Sunday, February 6, 2011
gettin' all serious.
This is the shortcut I take to get to the Village every day. It's a more direct route than the paved road that circumnavigates the island, but I think it takes just as long because it's a winding series of trails and dirt roads. It's a steep climb up a long, squat ridge to the top, which is a quiet, magical area (pictured here), that always causes me to stop and listen for a while. Usually there's a Raven or two squawking in the trees, or flapping noisily across the grey sky.
Part of the trail was a well-worn dirt road that looked like it had been walked- and biked-upon for decades. A few weeks ago, the road has been levelled and widened by the single pass of a bulldozer. I don't see any survey tape around yet, but I sense that this quiet hilltop will be developed sooner or later.

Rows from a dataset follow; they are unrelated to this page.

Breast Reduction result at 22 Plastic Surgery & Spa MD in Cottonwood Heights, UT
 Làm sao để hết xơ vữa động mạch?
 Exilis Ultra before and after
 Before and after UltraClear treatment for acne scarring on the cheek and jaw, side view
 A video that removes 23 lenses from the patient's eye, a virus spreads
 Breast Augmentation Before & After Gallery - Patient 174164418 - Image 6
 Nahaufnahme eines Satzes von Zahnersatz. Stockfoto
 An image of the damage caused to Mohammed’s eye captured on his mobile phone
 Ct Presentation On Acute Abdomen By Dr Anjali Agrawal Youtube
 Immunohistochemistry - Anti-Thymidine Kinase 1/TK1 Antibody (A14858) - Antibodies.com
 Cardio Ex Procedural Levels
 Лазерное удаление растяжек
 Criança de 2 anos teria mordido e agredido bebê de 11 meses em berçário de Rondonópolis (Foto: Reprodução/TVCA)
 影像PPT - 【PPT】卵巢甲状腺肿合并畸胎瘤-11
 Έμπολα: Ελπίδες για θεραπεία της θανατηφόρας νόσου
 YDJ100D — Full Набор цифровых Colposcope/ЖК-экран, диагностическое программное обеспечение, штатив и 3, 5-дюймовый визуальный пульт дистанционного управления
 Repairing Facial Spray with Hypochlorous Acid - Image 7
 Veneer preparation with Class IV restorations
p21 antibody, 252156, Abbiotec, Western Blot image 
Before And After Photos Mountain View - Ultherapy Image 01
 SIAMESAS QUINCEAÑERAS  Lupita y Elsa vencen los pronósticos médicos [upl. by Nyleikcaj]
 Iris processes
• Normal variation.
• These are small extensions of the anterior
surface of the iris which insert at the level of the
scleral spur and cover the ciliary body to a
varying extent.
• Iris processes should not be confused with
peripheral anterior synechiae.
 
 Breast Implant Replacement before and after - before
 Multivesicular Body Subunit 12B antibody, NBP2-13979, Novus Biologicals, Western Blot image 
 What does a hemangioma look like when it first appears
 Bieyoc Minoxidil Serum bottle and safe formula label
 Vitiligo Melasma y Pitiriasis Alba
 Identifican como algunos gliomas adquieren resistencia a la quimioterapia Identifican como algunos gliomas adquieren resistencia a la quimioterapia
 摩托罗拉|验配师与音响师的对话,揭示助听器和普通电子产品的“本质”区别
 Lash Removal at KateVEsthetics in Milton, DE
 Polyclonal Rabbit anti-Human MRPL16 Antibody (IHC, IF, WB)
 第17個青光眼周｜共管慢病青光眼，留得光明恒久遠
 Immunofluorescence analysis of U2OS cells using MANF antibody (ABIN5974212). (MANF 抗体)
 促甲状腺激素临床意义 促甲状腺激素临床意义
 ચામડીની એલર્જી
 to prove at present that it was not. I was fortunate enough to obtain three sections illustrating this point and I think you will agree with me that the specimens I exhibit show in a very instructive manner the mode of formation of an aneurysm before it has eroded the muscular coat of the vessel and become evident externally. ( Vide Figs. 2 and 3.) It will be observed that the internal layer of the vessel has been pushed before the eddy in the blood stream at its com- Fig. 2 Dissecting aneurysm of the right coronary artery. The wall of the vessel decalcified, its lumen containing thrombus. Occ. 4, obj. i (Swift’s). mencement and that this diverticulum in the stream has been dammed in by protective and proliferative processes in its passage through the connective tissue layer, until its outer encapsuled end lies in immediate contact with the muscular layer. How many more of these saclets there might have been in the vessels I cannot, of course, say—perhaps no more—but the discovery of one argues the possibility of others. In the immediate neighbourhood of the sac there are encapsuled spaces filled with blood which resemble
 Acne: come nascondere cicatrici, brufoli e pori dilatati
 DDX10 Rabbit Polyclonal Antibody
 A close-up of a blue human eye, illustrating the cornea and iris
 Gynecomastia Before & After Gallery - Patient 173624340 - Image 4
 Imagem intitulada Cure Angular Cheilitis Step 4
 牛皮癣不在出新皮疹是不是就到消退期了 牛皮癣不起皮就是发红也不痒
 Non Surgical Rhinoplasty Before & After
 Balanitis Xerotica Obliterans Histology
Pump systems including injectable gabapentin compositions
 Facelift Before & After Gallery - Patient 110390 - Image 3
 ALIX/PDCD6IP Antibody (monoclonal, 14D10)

It won't be the first time I've seen a special place paved over and subdivided into house lots. Off the top of my head, I can think of half-a-dozen wild places where I used to play that are gone now. I often wrestle with the sadness of this kind of loss. I do like them woods.
An idea is starting to gel in my head - a creative way to document these places before their magic is diluted by grass lawns, right-angles, fences, and barking dogs. It won't be a defiant "stop the change" kind of thing. Just a way to honour these places by recording them, so they can be remembered after their gone. I think that might make these transformations easier for me to accept.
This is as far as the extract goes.